Water closet? WTF is a water closet? If you have water in a closet you have real problems! Now a toilet is easy, ask any Home Depot employee!! You can do it, they can help!

Tub shoe? I never knew tubs wore shoes, unless its a specific shoe one must wear when installing a tub to which I would advise a steel toe shoe capable of withstanding the G-Force from a falling tub.


----------



## ROCKSTARPLUMBER (Dec 14, 2008)

I need help too. I would like to install a Thermostatic Mixing valve behind my toilet. I would like to have water from the HOT water heater filling the bowl during the winter time to keep the seat from being frosty on my bare asss. Any help is greatly appreciated.:thumbup:


----------



## Cal (Jun 17, 2008)

May i say Sears ,, They can do it ALL ! No Prolem Heffe


----------



## PLUMB TIME (Feb 2, 2009)

I need help too. I only have one hose bibb at my house and I'm sick and tired of having to buy 100' lengths of hose to water the garden out back.
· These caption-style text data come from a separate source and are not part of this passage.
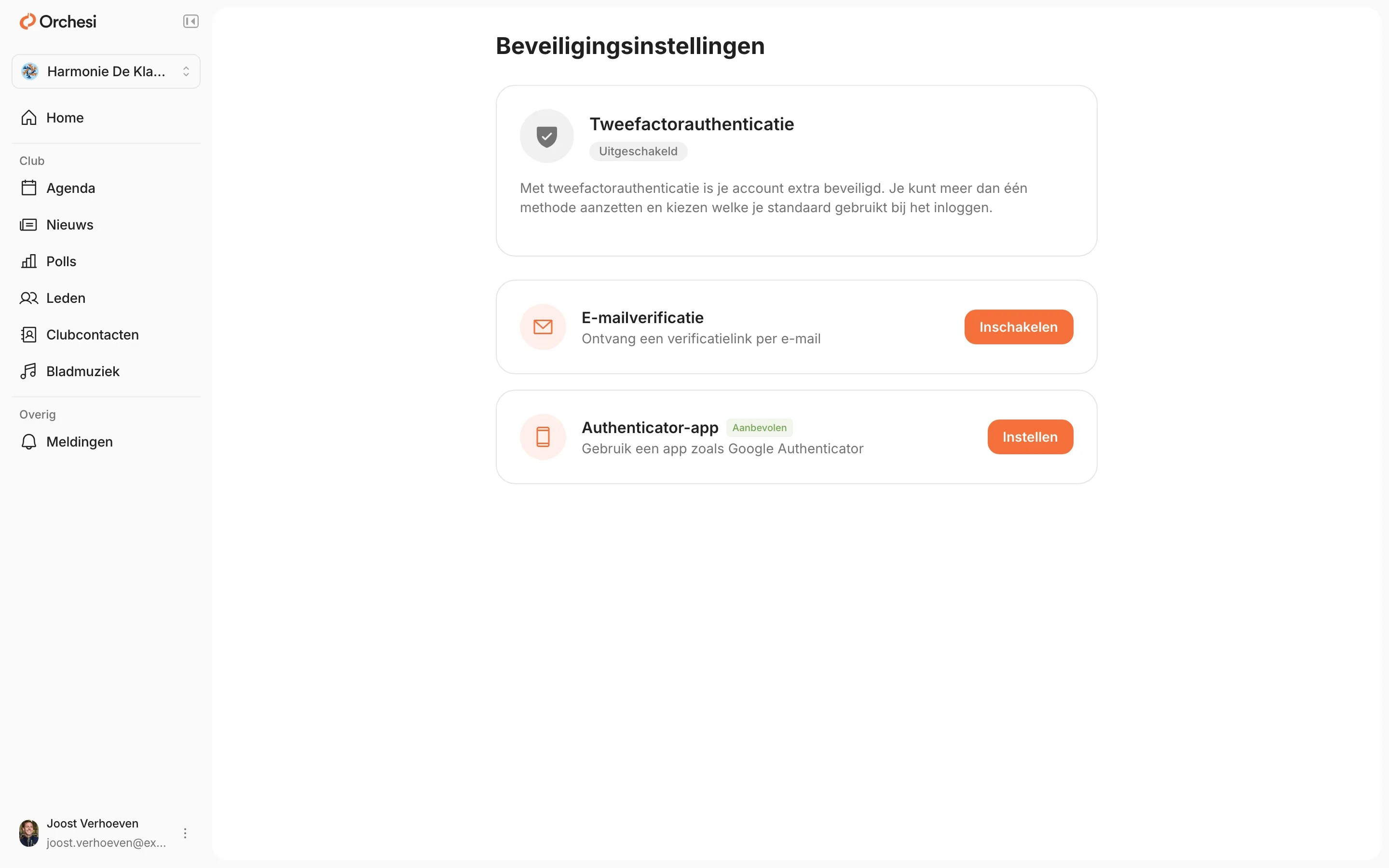 De pagina Beveiligingsinstellingen: Tweefactorauthenticatie staat Uitgeschakeld, met de methoden E-mailverificatie (knop Inschakelen) en Authenticator-app, Aanbevolen (knop Instellen).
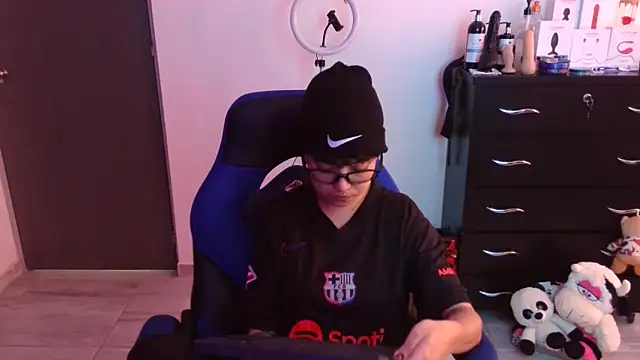 thomascooper7 online show from 11/13/25, 06:34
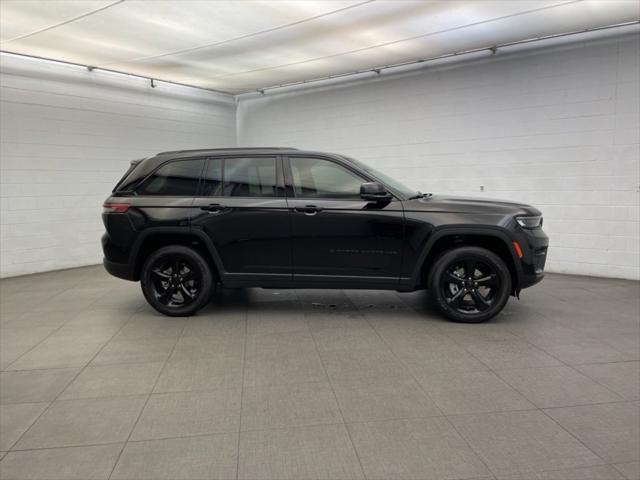 2025 Jeep Grand Cherokee GRAND CHEROKEE ALTITUDE X 4X4 2025 Jeep Grand Cherokee GRAND CHEROKEE ALTITUDE X 4X4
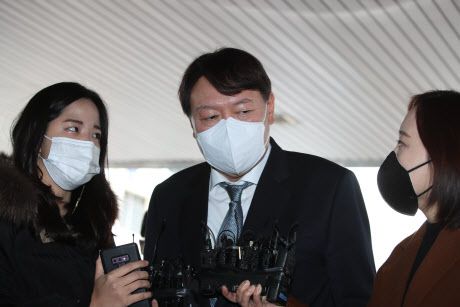 윤석열 검찰총장이 3일 오후 직원과의 간담회를 위해 대구고검과 지검을 방문한 자리에서 취재진의 질문에 답하고 있다.(사진=연합뉴스)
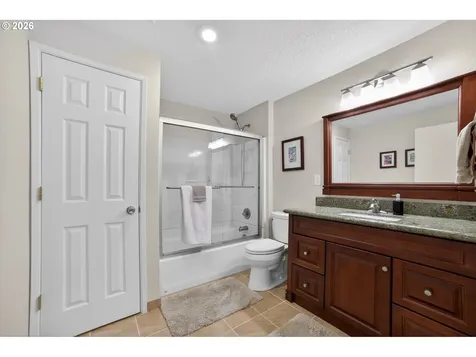 11824 SE Sunnycreek Lane Clackamas OR 97015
Can I install one in the back and if so, how much do you think it would cost?


----------



## Ron (Jun 12, 2008)

I need help to I have to run a vent in the wall but the studs are in the way, what should I do?


----------



## PLUMB TIME (Feb 2, 2009)

Ron said:


> I need help to I have to run a vent in the wall but the studs are in the way, what should I do?


 
Studor, duh!


----------



## Ron (Jun 12, 2008)

PLUMB TIME said:


> Studor, duh!


Thats what I'm talking about I just love free advice. :laughing:


----------



## PLUMB TIME (Feb 2, 2009)

Ron said:


> Thats what I'm talking about I just love free advice. :laughing:


That's why we make the big bucks:whistling2:


----------



## RealLivePlumber (Jun 22, 2008)

I would like to file a sexual harrassment suit against the counter guy at the plumbing supply. I asked for one of those chrome cover thingys for my sink, and he called me a cock hole.


----------



## Phat Cat (Apr 1, 2009)

You need help alright . . . for that poor attitude of yours. 

Did it ever occur to you that these misfortunate plumbers have not had access to your level of training? That's what I thought!  Not every plumber out there was born into the trade like you and so many others of the PZ elite.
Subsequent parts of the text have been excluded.